What to do → Give back every entry precisely as written, without any of the images.

*** Given records Section Begins ***

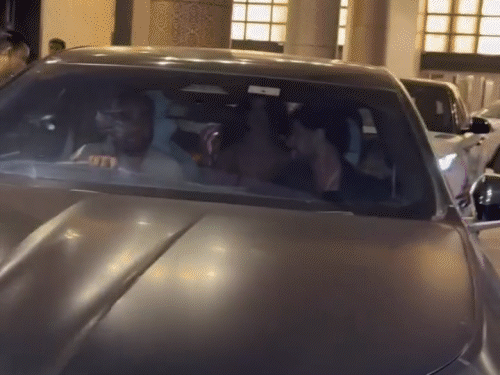 अलेक्जेंडर मीडिया को बाय का इशारा करते हुए।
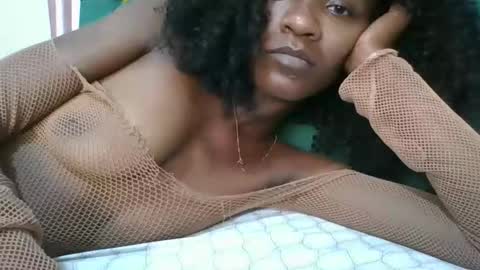 Snapshot of mariahsexy4u chatting on 02/20/26, 08:42 mariahsexy4u online show from 02/20/26, 08:42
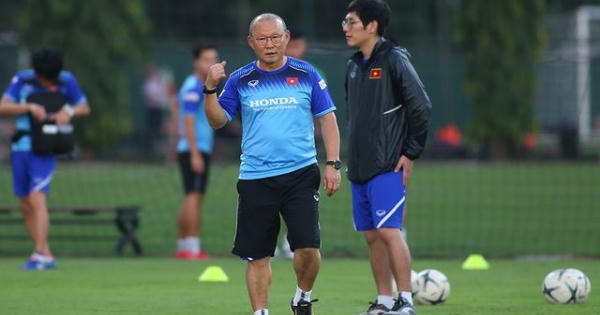 HLV Park Hang Seo: "Ông Nishino nên xem lại học trò đã chơi đẹp hay chưa" HLV Park Hang Seo: "Ông Nishino nên xem lại học trò đã chơi đẹp hay chưa"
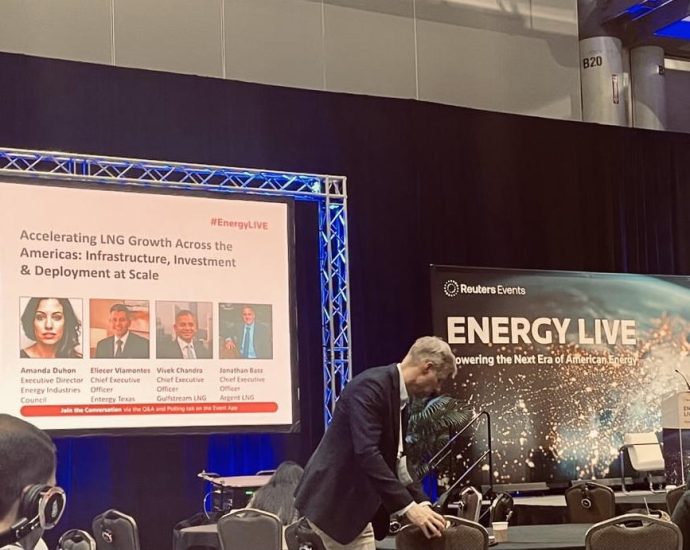 gulfstream-lng-ceo-says-carbon-offsets,-cleaner-lng-are-‘bullshit’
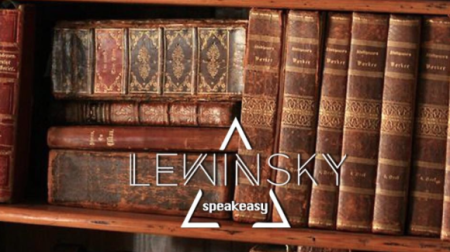 Lewinsky bar, el speakeasy detrás de un estante de libros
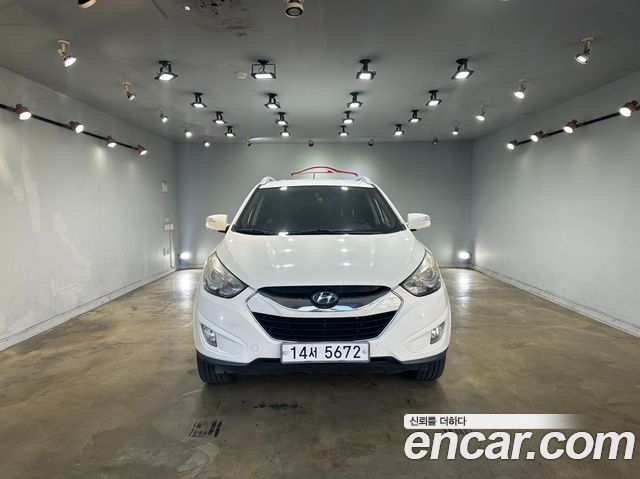 Hyundai Tucson ix Diesel 2WD LX20 Premier 2011 — фото 2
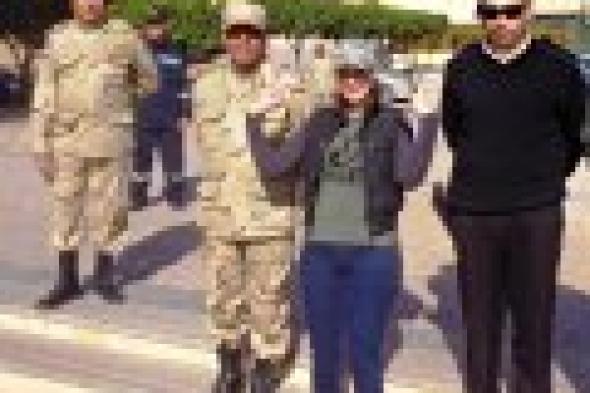 بالصور : حسناء سيف الدين تصوت بنعم على الدستور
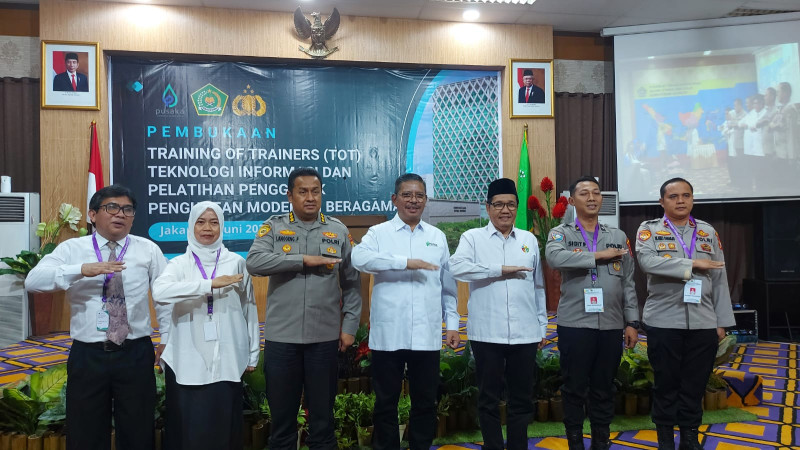 Pelatihan Moderasi Beragama dan ToT TI Guna Persiapan Kader di Masing – Masing Instansi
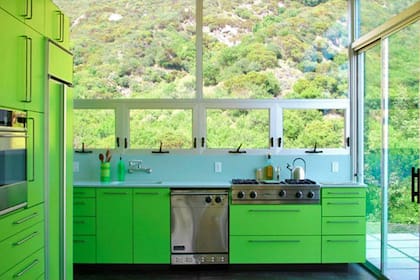 Verde fosforescencia para esta cocina de ensueño. Una propuesta donde el interior y el exterior están en contante sintonía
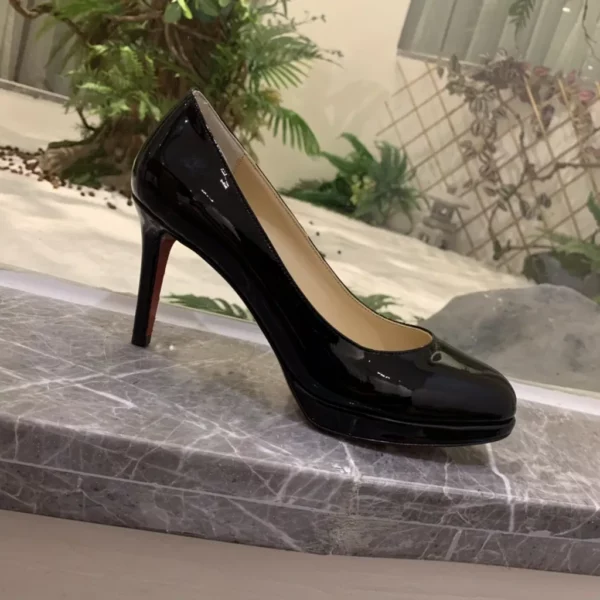 Christian Louboutin shoes - Replica shoes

*** Given records Section Ends ***

Result of this exercise →
 अलेक्जेंडर मीडिया को बाय का इशारा करते हुए।
 Snapshot of mariahsexy4u chatting on 02/20/26, 08:42 mariahsexy4u online show from 02/20/26, 08:42
 HLV Park Hang Seo: "Ông Nishino nên xem lại học trò đã chơi đẹp hay chưa" HLV Park Hang Seo: "Ông Nishino nên xem lại học trò đã chơi đẹp hay chưa"
 gulfstream-lng-ceo-says-carbon-offsets,-cleaner-lng-are-‘bullshit’
 Lewinsky bar, el speakeasy detrás de un estante de libros
 Hyundai Tucson ix Diesel 2WD LX20 Premier 2011 — фото 2
 بالصور : حسناء سيف الدين تصوت بنعم على الدستور
 Pelatihan Moderasi Beragama dan ToT TI Guna Persiapan Kader di Masing – Masing Instansi
 Verde fosforescencia para esta cocina de ensueño. Una propuesta donde el interior y el exterior están en contante sintonía
 Christian Louboutin shoes - Replica shoes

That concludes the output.